Originally posted by @AartBluestoke in dotnet/csharplang#1862 (comment)

This is also partially a language request (as we would need either a new keyword, or attributes on local variables; some way to hint to the compiler that we'd like to "memory-inline" this 'new'). This issue is also vague about if the actual allocation is on the stack or in the local memory pool.

Feature request:

In cooperation from the runtime, request that objects be optimistically stored to the local memory pool.

for now this is a new keyword (compiled into an attribute) on a local variable

locallalloc var localList = new List<int>();
This is a request that the entire object for a local variable, be stored either on the the stack, or in the local memory pool. This isn't a recursive request, just for that specific 'new' call.

Once an object has been allocated locally it can be passed into any function. The issue is how to deal with "escaping" stack references.
"escaping" in this context is defined as copying the reference to any heap allocated location.

class c{
static IEnumerable sv;
{
localalloc var localList = new List<int>();
var x=localList ; // non-allocating, because x is a local
var doStuff(x); // the *function call* itself is not allocation, although any escaping assignment internal to would need to be.
sv = localList; // this is an escaping assignment, so is an expensive allocation and object relocation; 

var doOtherStuff(x); // has to pass the newly relocated memory location, not the original.

This is where the "Optimistic" part of this feature comes in. In a pay-for-play manner, escaping stack references are heap allocated on demand.

I think there are 4 places this could be done:

promptly on object escape; as part of the execution of the line of code x=y.
-- perhaps done by memory trap, but i'm not sure how to achieve this without increasing the cost of many different things
on return from the function when the local memory would be unwound potentially significantly later on return from the function with localalloc.
-- This could be done via keeping a bitmap of localalloc objects that have 'escaped', and the 'escapees' and prior to function return requesting the GC relocate the object. this would hook into the concurrent mark+sweep component
on the next GC pass
-- on return from a function that uses locallalloc, (and an object escaped?) the local memory section is not considered free until after the next GC gen0 pass. GC Gen 0 also considers any preserved local memory for object promotion.
keep a separate section of the heap as a stack for the purpose of holding localAlloc objects - this would minimise the 'stack overflow' problem, as expanding the 'localAlloc memspace' could be done as part of a standard GC operation.
-- i think this would be hard to implement in a backwards compatible manner, as the generated IL would have to change.
no language, just runtime optimisation
If this turns out to be cheap enough, then this could be a pure runtime issue, essentially making a new GC gen of -1 where all objects "known" to not survive can be optimistically allocated.
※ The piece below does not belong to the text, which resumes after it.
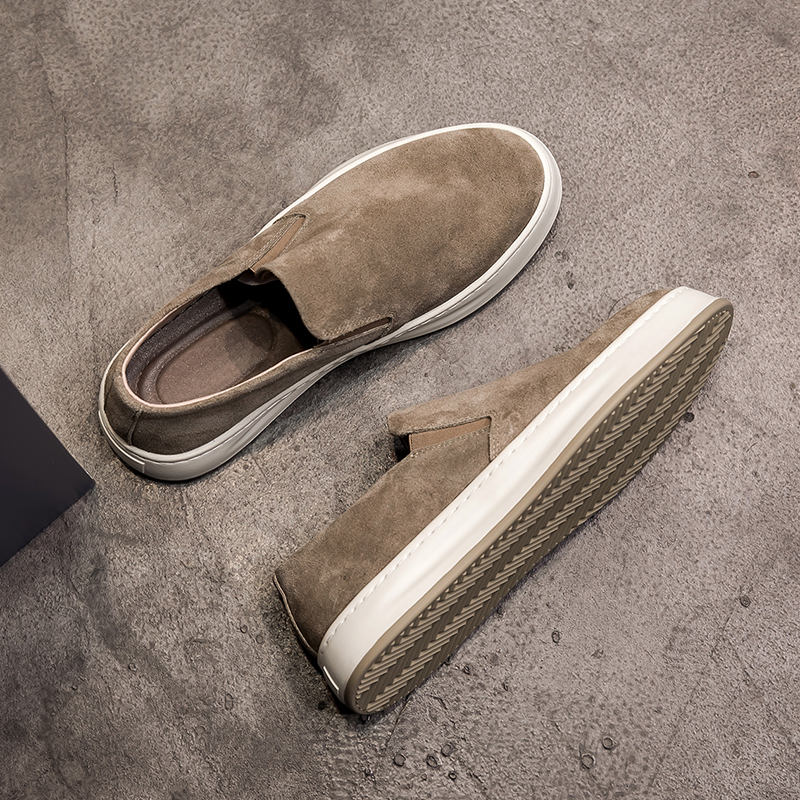 22夏季新品板鞋男真皮休闲鞋一脚蹬透气套脚懒人鞋日系复古乐福鞋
I would propose that in this case all local variables optimistically assumed to be localloc and never escape.
On a gen0 allocation those variables that escape are flagged, and the functions flagged for rejit (yes i know we currently never rejit, but here i want to; there are other use cases for this, optimising based on inlining of children recursively, devirtualization after rejit and code elimination within child calls, etc), removing the localAlloc hint.

--
Should this be over at csharplang first, as they would say 'can't do this without runtime assistance'?

The text was updated successfully, but these errors were encountered:

jkotas · 2020-01-13T03:09:09Z

The first thing to do on this would be an in-depth analysis, collect data or run some experiments to estimate benefits and costs to prove that this is worth doing.
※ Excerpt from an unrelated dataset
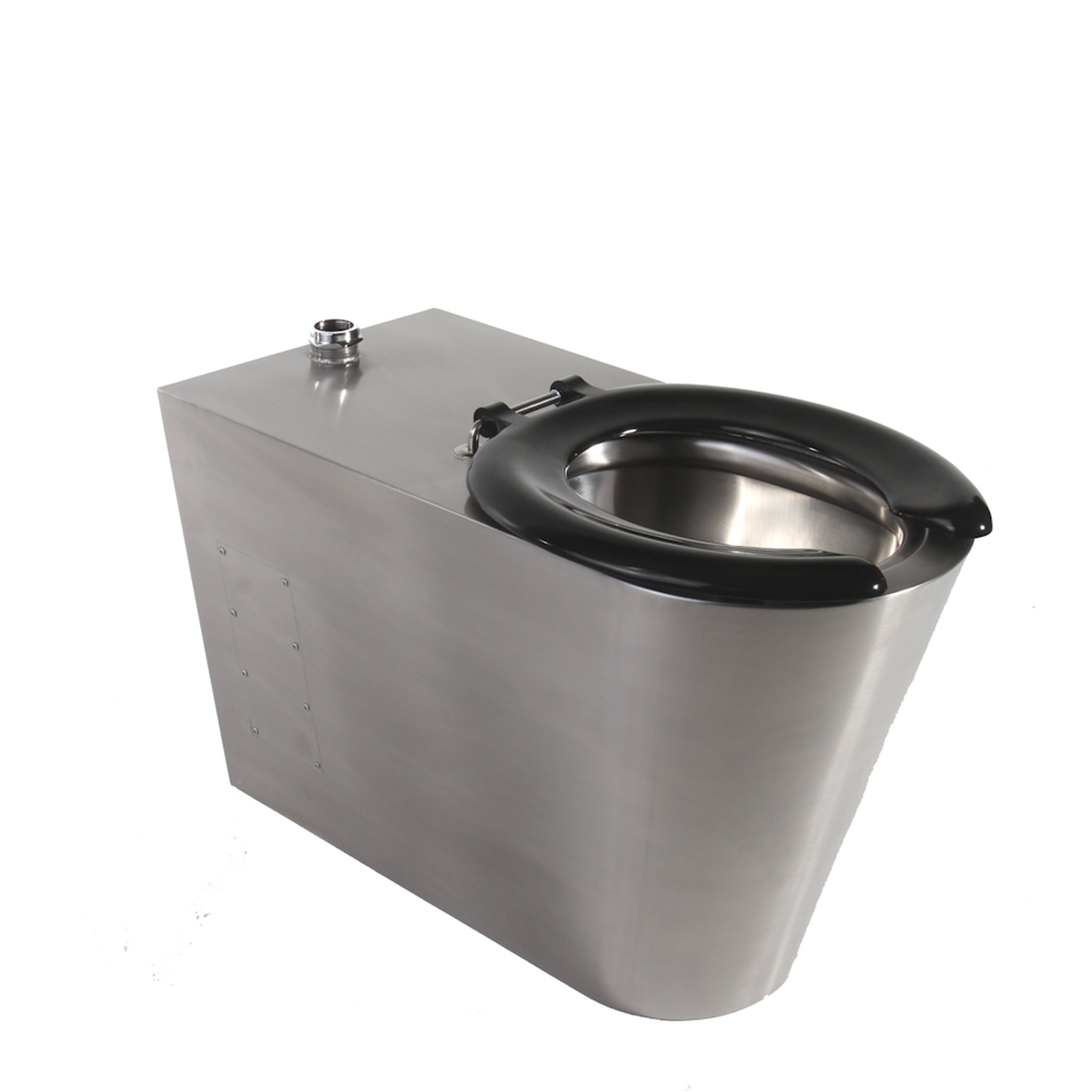 Pland Monaco Stainless Steel Back To Wall Disabled Toilet Pan, top inlet version, shown with a black open fronted seat, three quarter view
FWIW, my gut feel is that it would be really hard to turn this into a measurable net win on real workloads. The observation from our experiments with allocating objects on stack is that the GC is really good at getting rid of short-term garbage and it is hard to come up with something significantly better.

AartBluestoke · 2020-01-13T05:27:18Z

@jkotas I've seen various places where the GC effort of small allocations was a significant issue - here's one quoted below. Given the existence of these situations, where people switch from object to struct just to avoid the allocation, i would expect the ability to (automatically?) stackify objects to be of benefit:

I'm curious about the projected gains for this, is there any analysis of what % of typical code would be able to leverage this? is there an estimated increase in performance?

There is an analysis in dotnet/coreclr#19663, which manually changes class to struct to get the similar effect of escape analysis. The data shows, for the PacketTracer benchmark, 31% execution time improvement, ~16% code size shrink, and significant GC overhead reduction (~33% -> ~11%).

Originally posted by @fiigii in dotnet/coreclr#20251 (comment)

jkotas · 2020-01-13T05:42:49Z

Right, structs give you a lot of control over doing manual stack allocation today, as the PacketTracker example shows. BTW: PacketTracker fix was one line change: dotnet/coreclr#19662.

You are proposing more controls over manual stack allocation. So the thing to prove is that there are common situations where these new manual controls help and that are hard or impossible to fix with what is available today.

AartBluestoke · 2020-01-13T06:13:51Z

I was proposing either some controls over stack allocation, or that the runtime detects and resolves the common instances itself.

Yes, and there have been several other instances that i'm aware of where the solution to the performance bottleneck was "you can't use a class here, don't allocate, use a struct". I would anticipate that there were other undiagnosed similar issues because of many small allocations (eg: function parameters, lambdas, synchrononsly resolved async tasks (optimisable with valuetask) );

That we need dedicated valueX to only avoid the overhead of allocations on a common path is suggestive of a need for runtime improvements.

I don't know how to get more data on this, but other use cases (eg: struct params, lambdas, local lists and arrays of all types ) appear reasonably often. A demo Switching something like ToString to not be allocating would be interesting, as that occurs in many places, but the overall cost of that wouldn't be visible on many code paths

I would like to suggest that it would be nice if these (storage allocation strategy) were not problems a developer had to face to begin with because the runtime handled this automatically. A language hint would be nice as the developer often knows which things are likely to not escape (just like they know which functions are good to inline).

Jkotas,
Out of the strategies above, do you believe any of them would either be viable, or impossible?
My thoughts are that 1 and 4 would be the least likely to be able to get working, with the on-GC style of 3 and 5 being most likely to be able to be implemented.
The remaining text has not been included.